Transgender Women Killed in Georgia, North Carolina
Two more violent deaths of transgender Americans have been reported, one in December and one in January.
Destiny Howard, 23, was found shot to death in Macon, Ga., December 9, according to the Human Rights Campaign. She was also known as Destin Howard or Destin Cheves, Pittsburgh Lesbian Correspondents reports. Her body was found in the parking lot of a software business, notes TV station WMGT, which misgendered her.
“It is heartbreaking to learn of yet another young Black trans woman whose life was taken by gun violence,” Tori Cooper, director of community engagement for HRC’s Transgender Justice Initiative, said in a press release. “Destiny’s life mattered, and it was taken far too soon. Initial reports of Destiny’s death misgendered her, denying her the dignity to be seen as she desired. Our society must recognize that trans women are women and that their lives have worth, and work to end the violence that takes far too many of our lives.”

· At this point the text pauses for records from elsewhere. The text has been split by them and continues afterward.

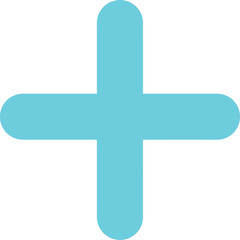 Obraz premium Minimalist plus symbol in cyan on white background Vector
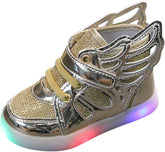 Toddler Boys Girls Led Shoes Tennis Shoes for 1﹣6 Years Children Candy Color Light up Sport Sneakers with Wing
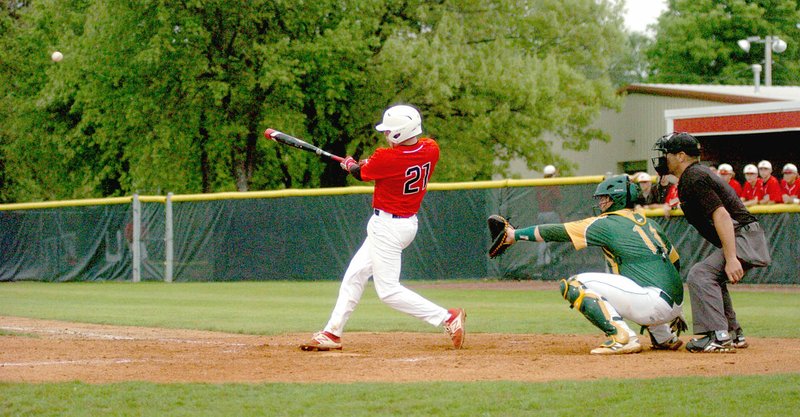 MARK HUMPHREY ENTERPRISE-LEADER Farmington third baseman Ryan Larkin hits a double into right field to set up a run in the sixth inning as the Cardinals beat Alma in a 5A West game Friday.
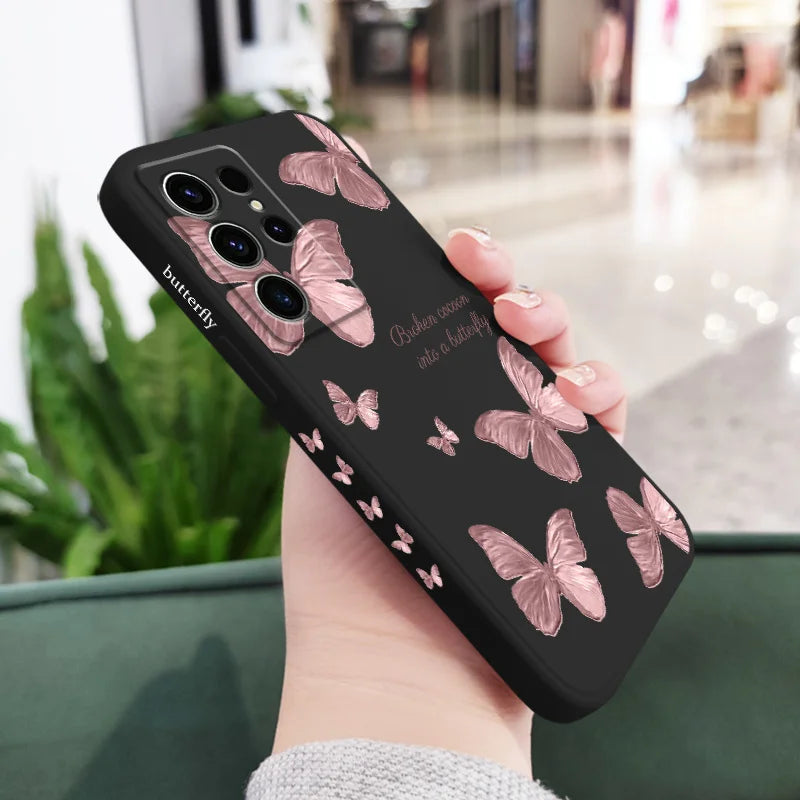 Little Butterfly Phone Case For Samsung Galaxy S24 S23 S22 S21 S20 S10 S10E S9 Ultra Plus FE Note 20 Ultra 10 9 Plus Cover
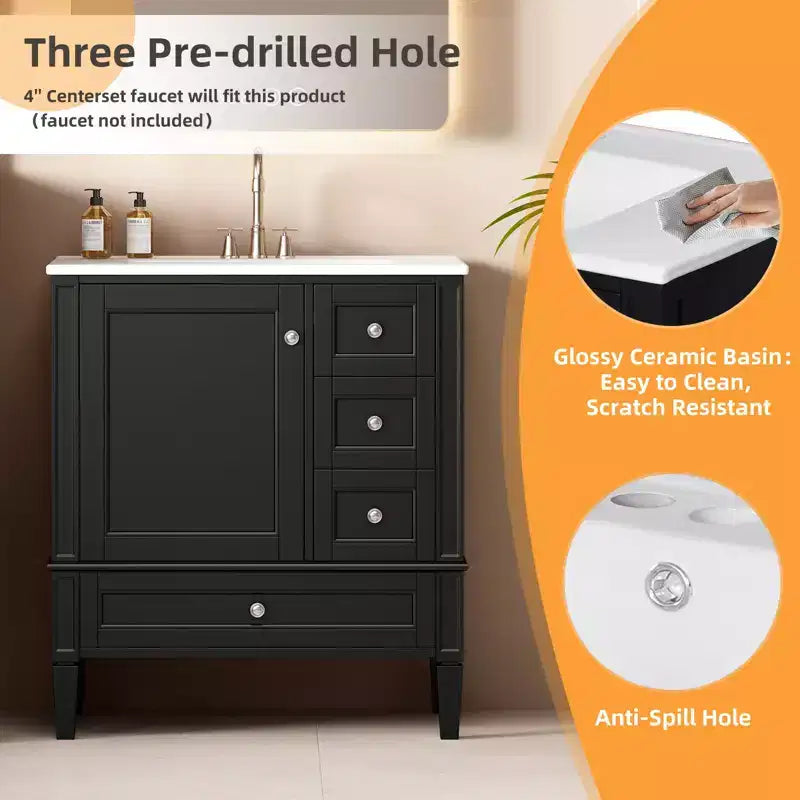 Meuble-lavabo de salle de bain 30 po avec tiroirs, Meuble de rangement de salle de bain avec lavabo simple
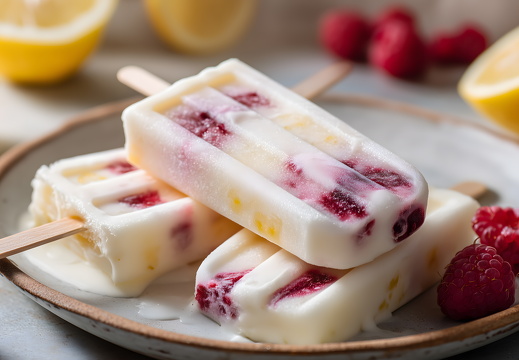 Joghurteis mit Himbeeren und Zitrone auf hellem Hintergrund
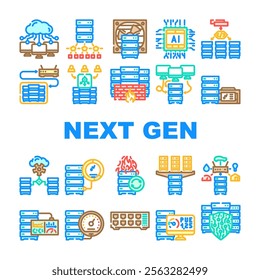 next gen data center virtual icons set vector. automation scalability, efficiency sustainability, cloud, edge, ai, iot, security next gen data center virtual color line illustrations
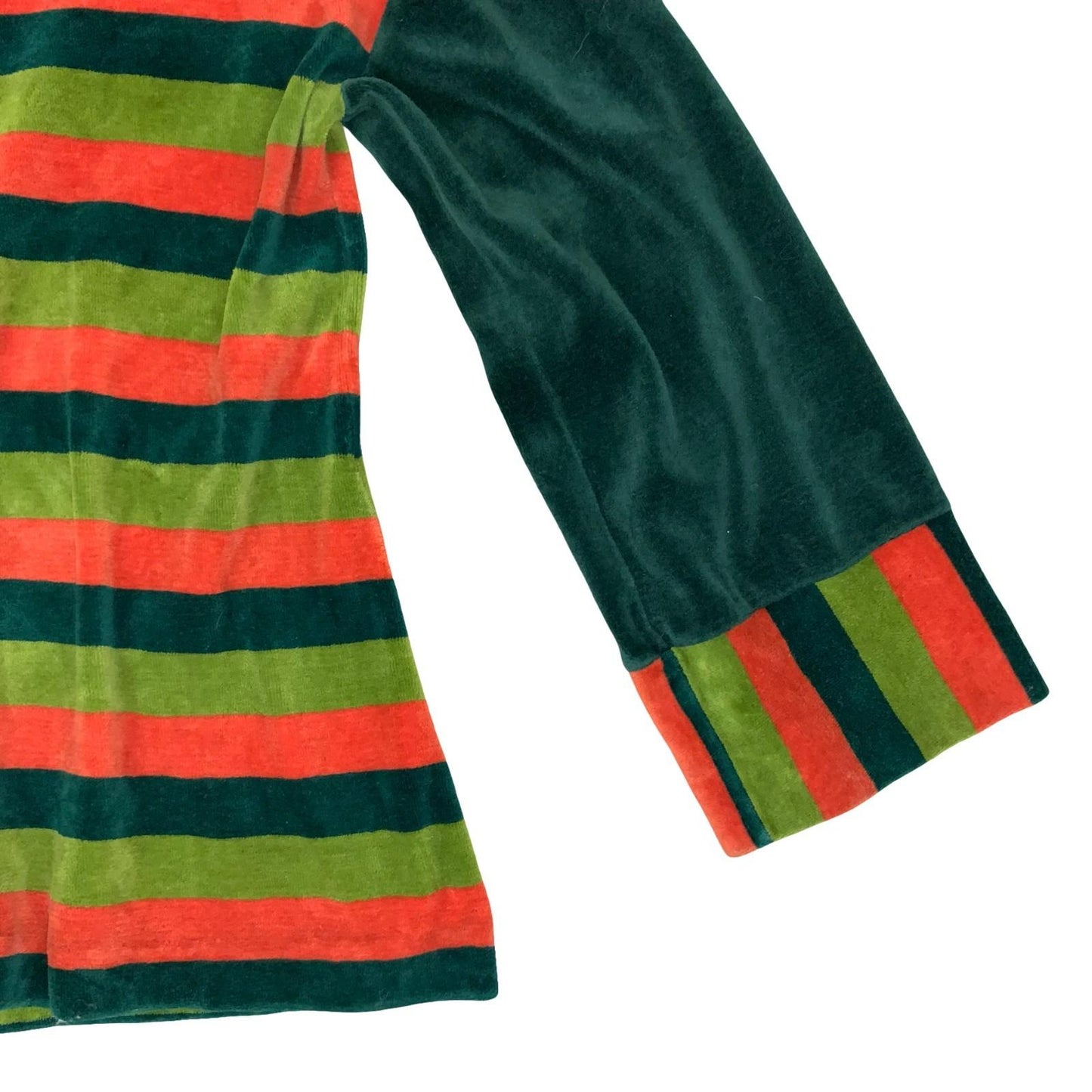 Vtg 70s 'Palmers' Green Orange Striped Velvet Turtle-Neck Casual Jumper S UK 10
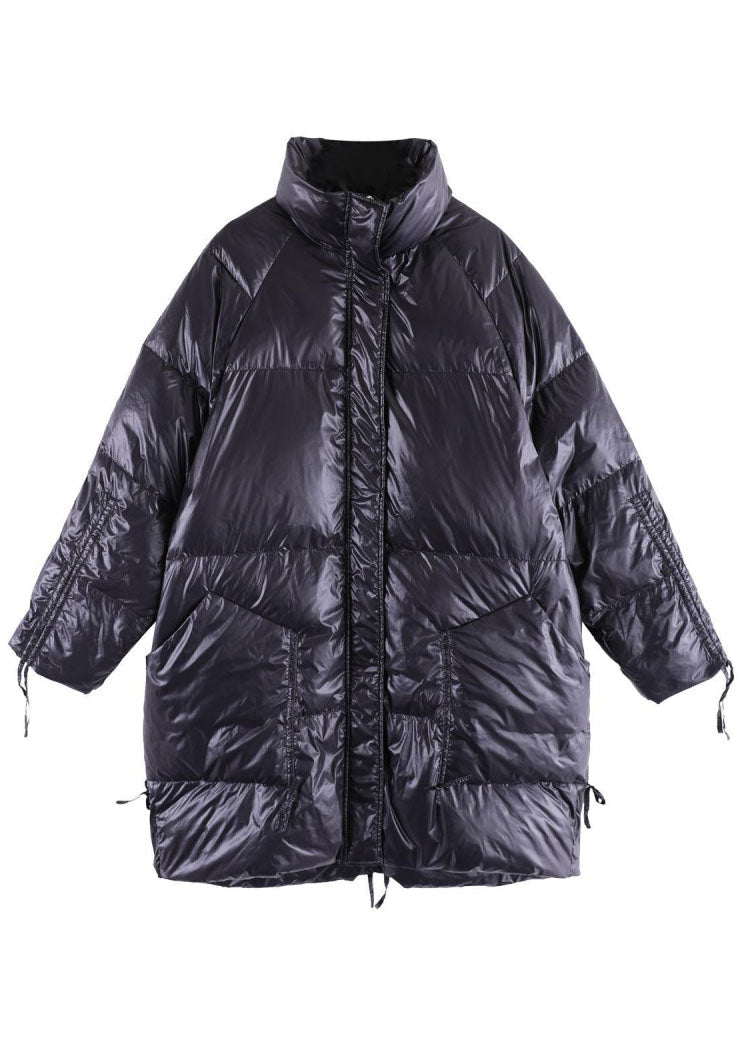 Black Zip Up Pockets Fine Cotton Filled Coat Winter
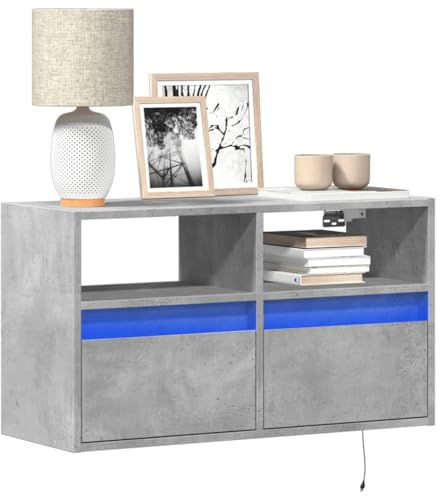 ShGaxin 852330 Meuble TV mural avec lumières LED Gris béton 80 x 31 x 45 cm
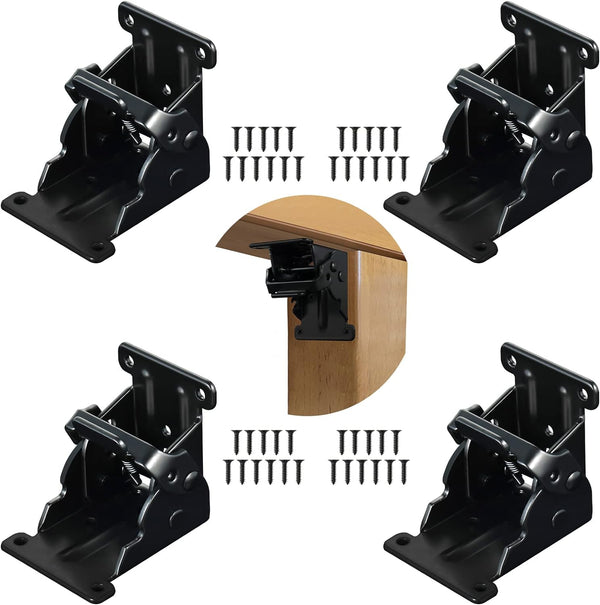 4 Pack Folding Brackets 0-90 Degrees Folding Table Legs Brackets Heavy Duty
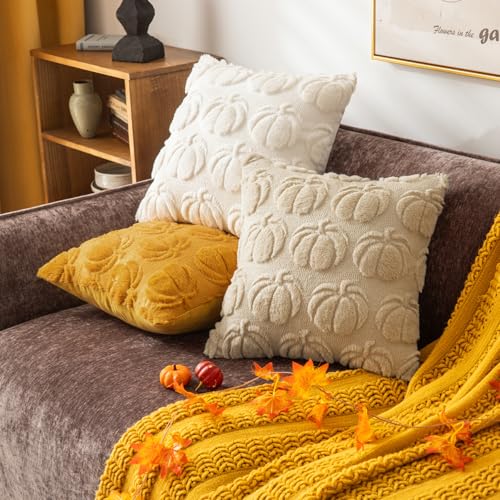 COSIBONO Beige Pumpkin Fall Decorative Throw Pillow Covers 18"x18", Set of 2 Soft Faux Fur Pillow Covers for Autumn Harvest, Fluffy Plush Accent Pillow Cases for Farmhouse Couch Cushion Covers - Image 2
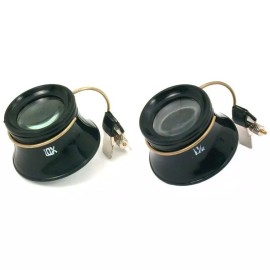 FindingKing Plastic Clip On Eye Glasses Loupes Jewelers Magnifiers 5X & 10X Power Kit 2 Pcs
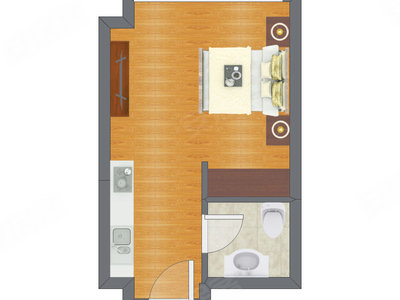 1室0厅 21.60平米户型图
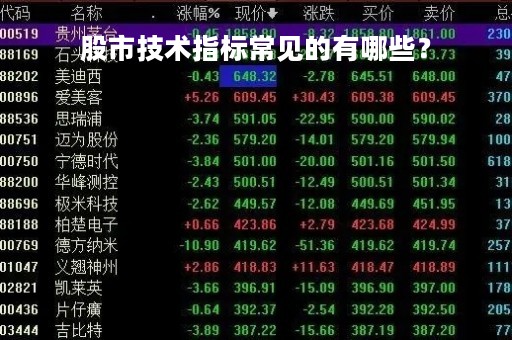 股市技术指标常见的有哪些？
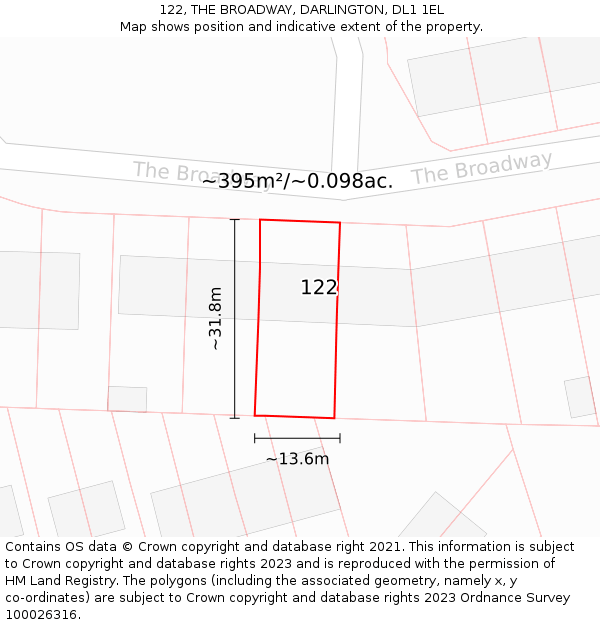 122, THE BROADWAY, DARLINGTON, DL1 1EL: Plot and title map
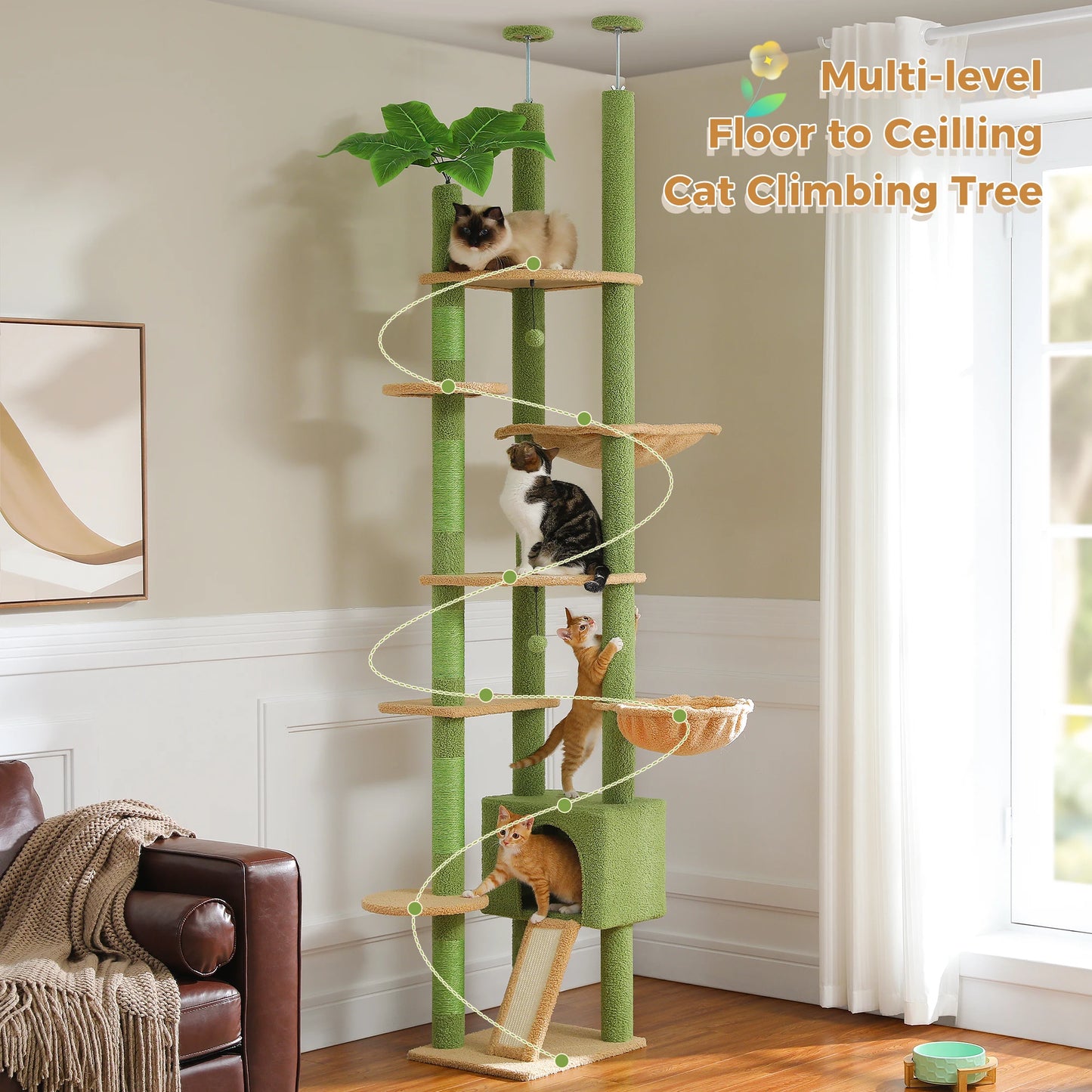 Cactus Cat Tree Floor to Ceiling Cat Tower.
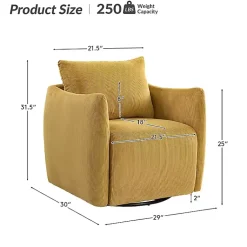 Kirklands Home Accent Chairs|Jerri Mustard Corduroy Swivel Accent Chair Yellow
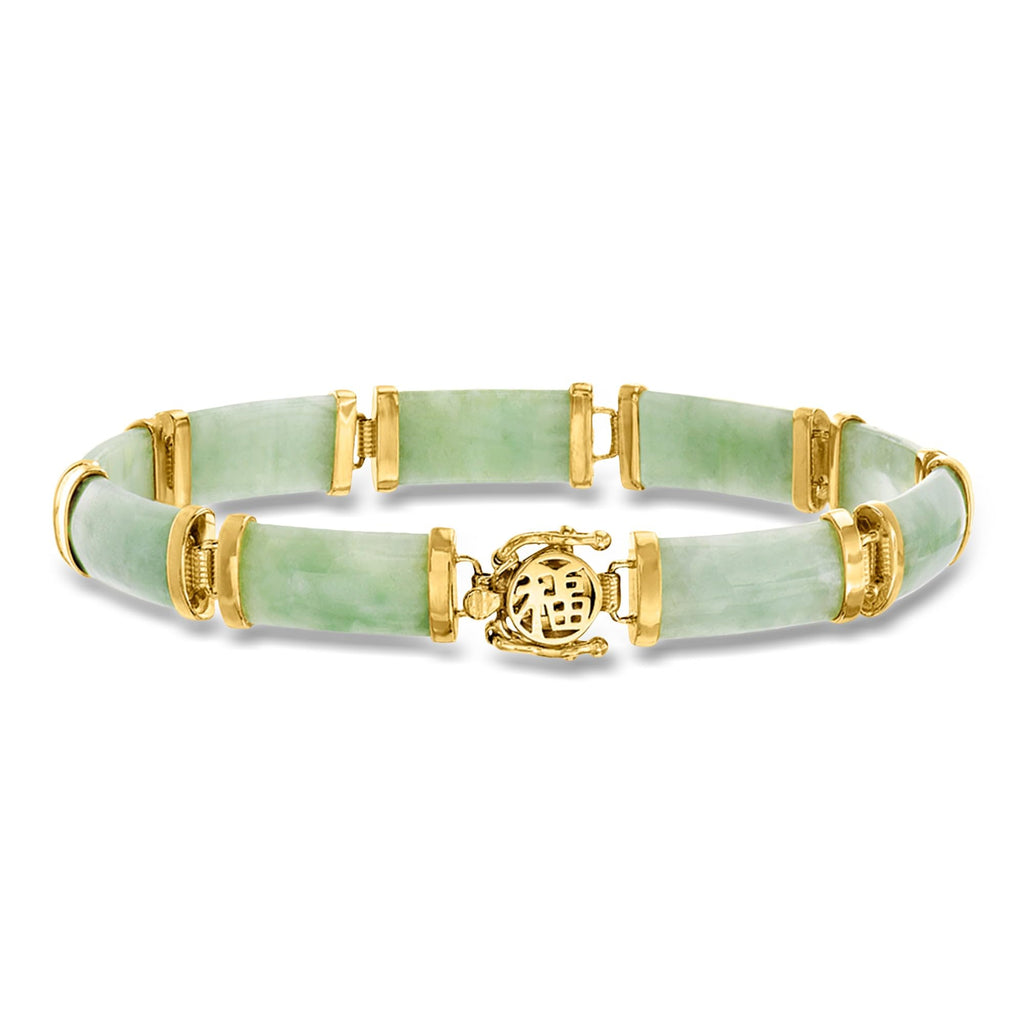 Ross-Simons | Pulsera Jade Buena Fortuna · Oro 18K sobre Plata 925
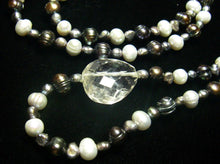 Black, Silver Pearls, Clear Quartz, Sterling Silver Necklace - Leila Haikonen Jewellery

The Bibb County Sheriff’s Office is investigating Howard’s death. Anyone with information is asked to contact the sheriff’s office at (478) 751-7500 or Macon Regional Crime Stoppers at (877) 68-CRIME.
She is at least the 37th trans, nonbinary, or gender-nonconforming person to have died by violence in 2022 — 36 of whom have been named. A 31-year-old trans woman was shot to death in Vallejo, Calif., in November, but her name has not been released.
In the January incident, KC Johnson, 27, of Wilmington, N.C., is missing and presumed dead. She was last seen January 12 or 13 in Wilmington (reports vary), and police believe she was killed January 13, according to local paper Star News. She would be the second trans, nonbinary, or gender-nonconforming person killed in 2023.
Police have not located her remains, although they are trying to determine if a body found in Savannah, Ga., is Johnson’s, TV station WWAY reports. But they have made an arrest. William Hicks, 26, of South Carolina, is charged with first-degree murder, robbery with a dangerous weapon, and kidnapping, Star News reports.
Police say he met Johnson on social media, according to WWAY. He was arrested in Myrtle Beach, S.C., on a fugitive warrant, and is being held in a South Carolina jail.
Johnson was a native of Wilmington who attended Abide University and worked as manager of a Domino’s, Pittsburgh Lesbian Correspondents reports. Her partner, Bulla Brodzinski, described Johnson as the love of her life, the site notes.
The LGBTQ Center of the Cape Fear Coast held a candlelight vigil for Johnson last Friday, going from Wilmington City Hall to the spot where she was last seen. About 50 people attended, “from people who don’t have a connection to our community to allies with deep connections,” Caroline Morin, the center’s executive director, told Star News.
Speaking to WWAY, Morin added, “I think any time we have someone from within the community — the LGBTQ community as a whole but especially the trans and nonbinary community — when they’re murdered it’s an immediate message to us that something is happening, that we’re already familiar with. So a big thing that kind of comes for us next is what’s going to happen as our community going to respond appropriately. Will some sense of justice happen in this instance, and then what do we do to keep moving forward for those of us who are left behind?”